Friday, February 23, 2007

The importance of the Body

I know a guy who has been going through a "crisis of calling" recently. He's about transition from seminary into ministry after beginning seminary five years ago, and he's only now facing hard answers to questions that should have been asked years ago.

My friend has had his sights set on a particular area of ministry since early in seminary, and as he has moved through his training he has focused on that almost exclusively-- taking elective classes in that area, serving with a church that is distinctive in that area, and even beginning his search by focusing on opportunities in that area.

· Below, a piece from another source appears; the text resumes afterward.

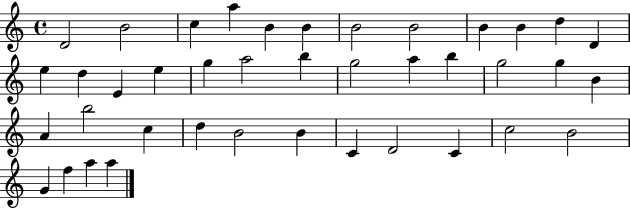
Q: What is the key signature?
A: C major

A few weeks ago, he went to a conference to get some training in that ministry area. While there, he spoke with some experienced, wise leaders about his desires to serve in this particular area of ministry.  Their counsel surprised him: having spoken with him at length about his experience, training, personality, and passions, their assessment was that he was not really a good fit for the area of ministry he had in mind. Further, they strongly discouraged him from continuing to pursue it.

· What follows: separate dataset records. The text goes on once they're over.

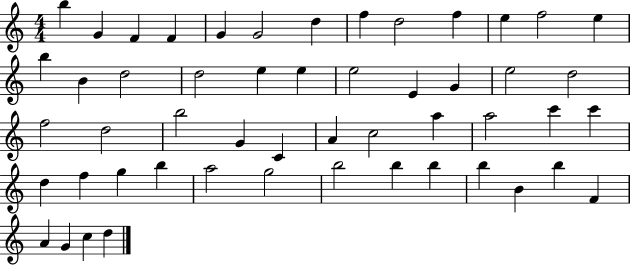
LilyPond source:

{
  \clef treble
  \numericTimeSignature
  \time 4/4
  \key c \major
  b''4 g'4 f'4 f'4 | g'4 g'2 d''4 | f''4 d''2 f''4 | e''4 f''2 e''4 | \break b''4 b'4 d''2 | d''2 e''4 e''4 | e''2 e'4 g'4 | e''2 d''2 | \break f''2 d''2 | b''2 g'4 c'4 | a'4 c''2 a''4 | a''2 c'''4 c'''4 | \break d''4 f''4 g''4 b''4 | a''2 g''2 | b''2 b''4 b''4 | b''4 b'4 b''4 f'4 | \break a'4 g'4 c''4 d''4 | \bar "|."
}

To say the least, this man is discouraged. More than that, however, he now must entirely re-evaluate the candidacy opportunities he has been exploring-- and he's already told me that the one he was most excited about, and that he had the most traction with, is out of the picture.

I feel bad for my friend, but not as bad as I would if he had not received such wise counsel in time to prevent him from taking a position that was a bad fit. Frankly, I'm thankful for the strong words of these leaders-- I'm only sorry that he wasn't told this earlier.

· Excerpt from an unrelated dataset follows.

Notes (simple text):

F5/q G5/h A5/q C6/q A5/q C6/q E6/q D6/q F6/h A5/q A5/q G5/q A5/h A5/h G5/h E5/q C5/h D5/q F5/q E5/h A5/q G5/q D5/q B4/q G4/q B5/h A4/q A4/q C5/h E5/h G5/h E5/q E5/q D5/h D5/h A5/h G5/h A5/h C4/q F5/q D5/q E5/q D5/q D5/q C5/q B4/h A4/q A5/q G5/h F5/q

One of the real benefits of Field Education, Internships, and simply being active and involved in ministry through a local congregation, is that it allows men (and women) to test their sense of calling and get valuable feedback about the direction their ministry is headed. The feedback of the Body is an essential part of a seminarian's a sense of calling.

My friend has completed an Internship, and has even been serving in a leadership role in his church. Why hasn't he received the kind of feedback he needed? Why didn't one of those that he served with suggest that he should re-consider this direction? Why didn't one of his close friends speak honestly with him about it?

(It's worth saying here that it takes a very good friend to have this kind of conversation. Another friend once told me that one of the best things a friend ever told him was that he should give up on songwriting-- he just wasn't good enough, and he had talents elsewhere. What a hard word to say and to receive! But what a value in a good friend!)

When I first began to sense a calling into the ministry, my Pastor asked me three questions to help me assess it: what does my heart tell me? What does God's Word tell me? And what does God's people tell me? These have been North-pointing compass questions for me ever since.

Sadly, it sounds like no one ever asked my friend the last question until recently.